Set down a faithful copy of every record, and skip the pictures in it.
╭─ MATERIALS PROVIDED
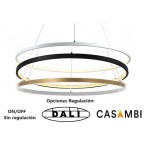 Lámpara Colgante Circular Aluminio ANELL 900mm LED 41W con cable y florón, en Blanco, Negro ó Dorado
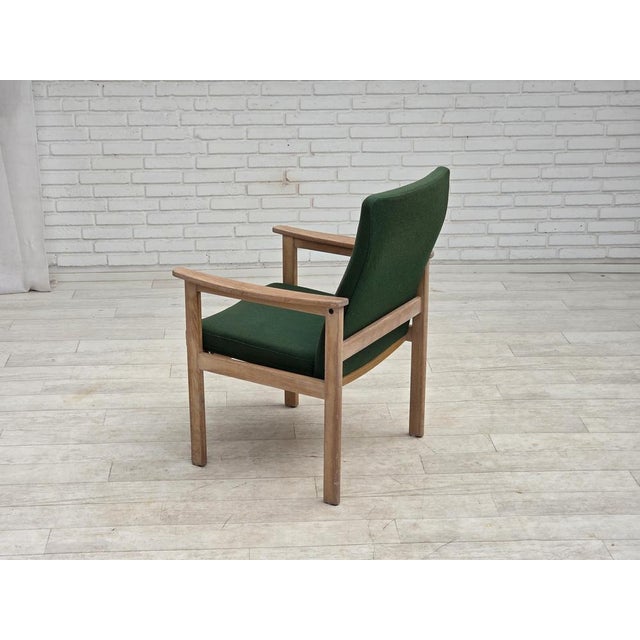 Wood Danish Armchair in Green Furniture Wool and Oak Wood from Høng Stolefabrik, 1980s For Sale - Image 7 of 17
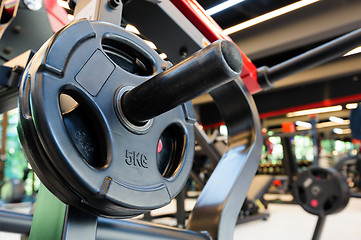 Image showing Gym interior with barbell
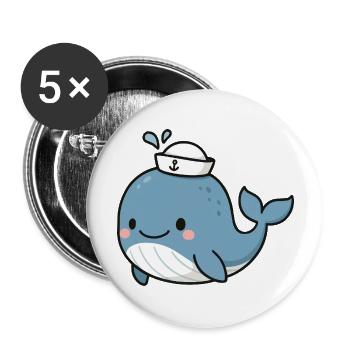 Baby Whale - Buttons large 2.2''/56 mm (5-pack) - white - Front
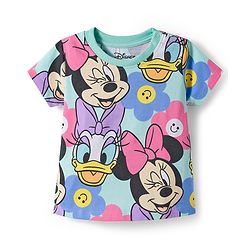 Babyhug Disney Single Jersey Knit Half Sleeves T-Shirt with Minnie & Friends Graphic - Multicolor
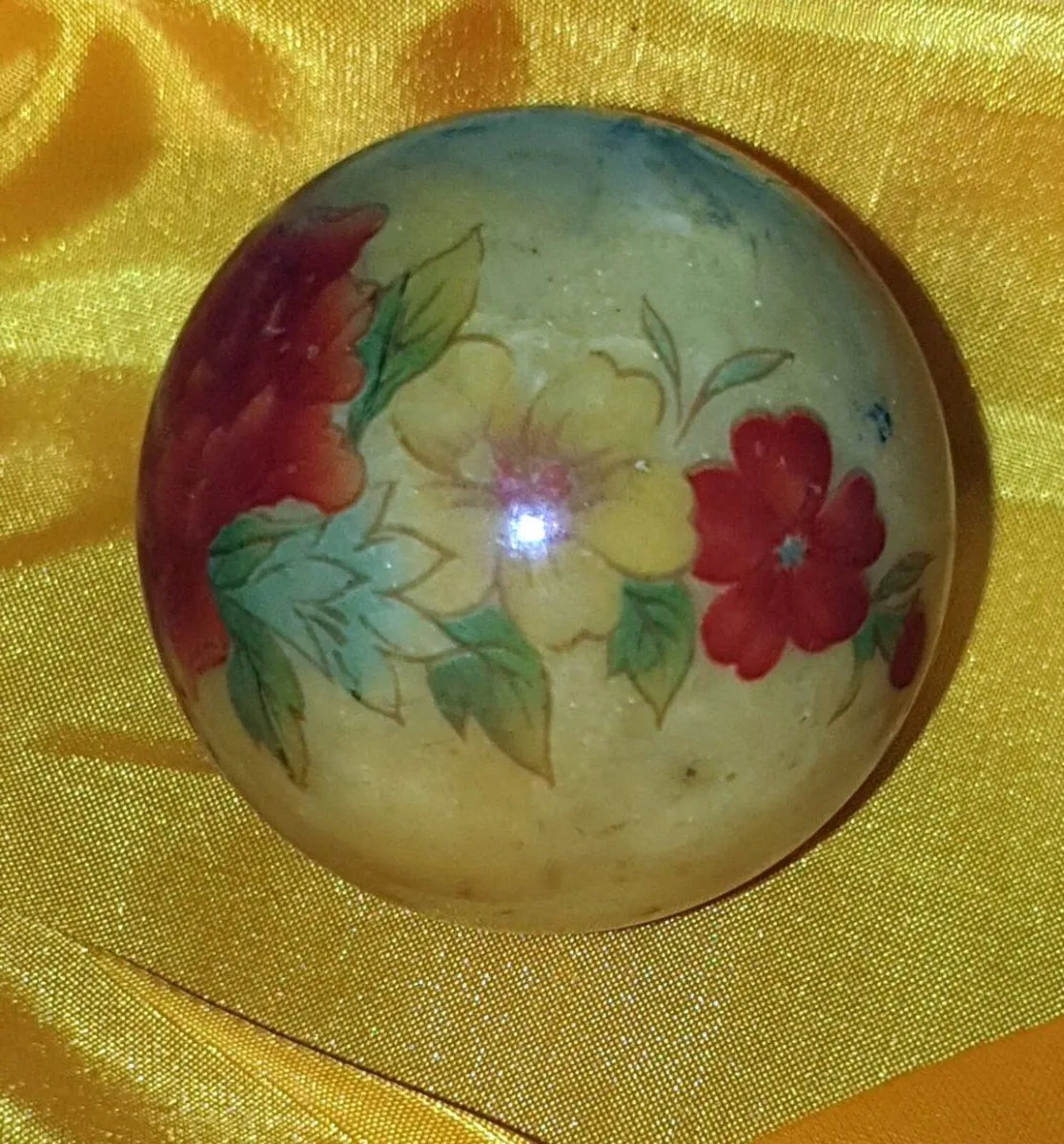 Vintage Italian Alabaster Paperweight Hand Painted - Image 4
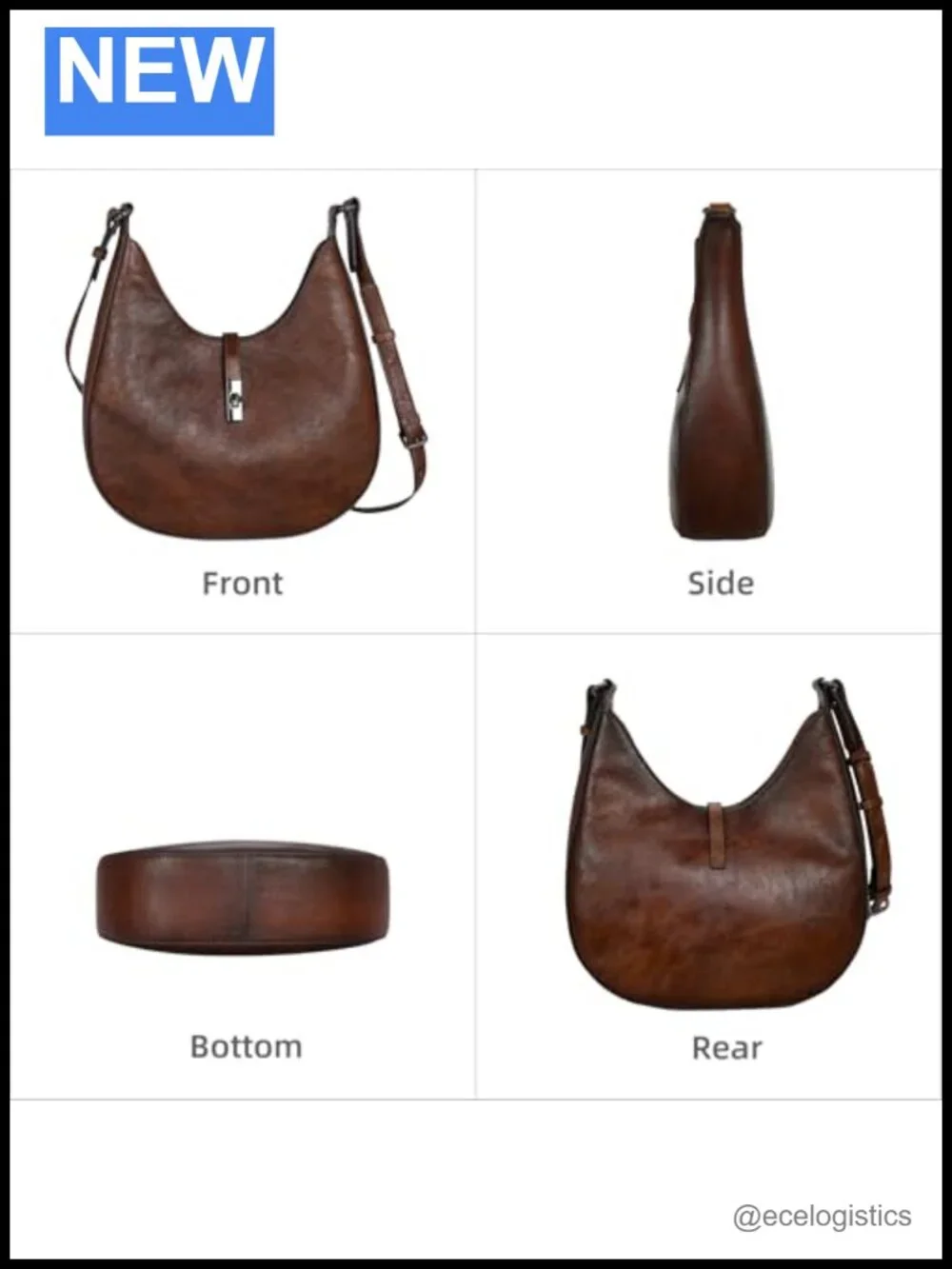 Leather Crescent Crossbody Hobo Bag for Women with Detachable Straps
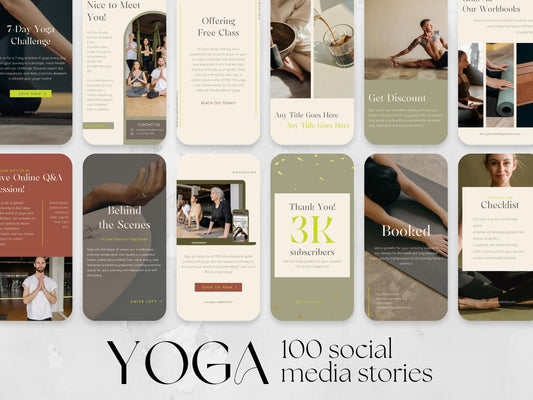 100 Yoga Story Templates made in free Canva for Social Media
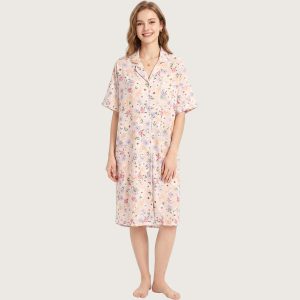 Floral Ladies Long Shirt - Cream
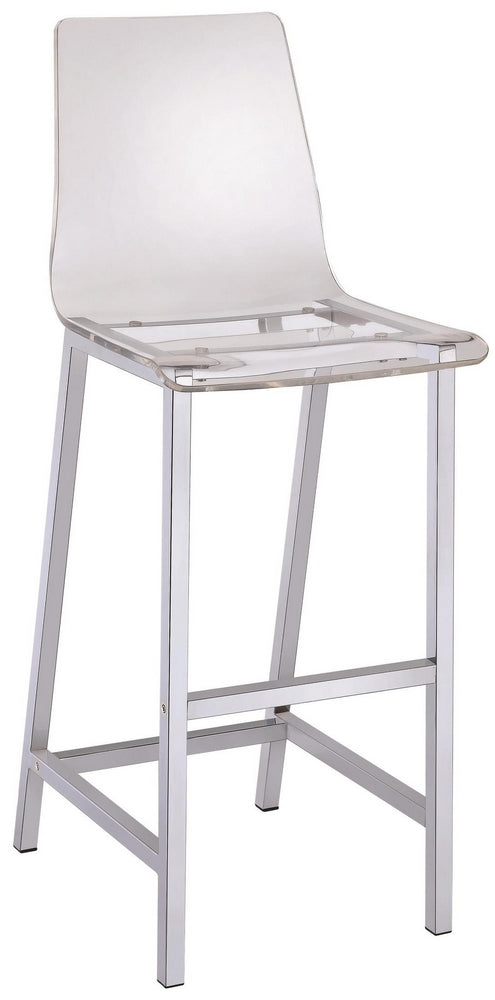 Leifr 2 Chrome Bar Stools with Clear Acrylic Seat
╰─
## TASK OUTPUT:
 Lámpara Colgante Circular Aluminio ANELL 900mm LED 41W con cable y florón, en Blanco, Negro ó Dorado
 Wood Danish Armchair in Green Furniture Wool and Oak Wood from Høng Stolefabrik, 1980s For Sale - Image 7 of 17
 Image showing Gym interior with barbell
 Baby Whale - Buttons large 2.2''/56 mm (5-pack) - white - Front
 Babyhug Disney Single Jersey Knit Half Sleeves T-Shirt with Minnie & Friends Graphic - Multicolor
 Vintage Italian Alabaster Paperweight Hand Painted - Image 4
 Leather Crescent Crossbody Hobo Bag for Women with Detachable Straps
 100 Yoga Story Templates made in free Canva for Social Media
 Floral Ladies Long Shirt - Cream
 Leifr 2 Chrome Bar Stools with Clear Acrylic Seat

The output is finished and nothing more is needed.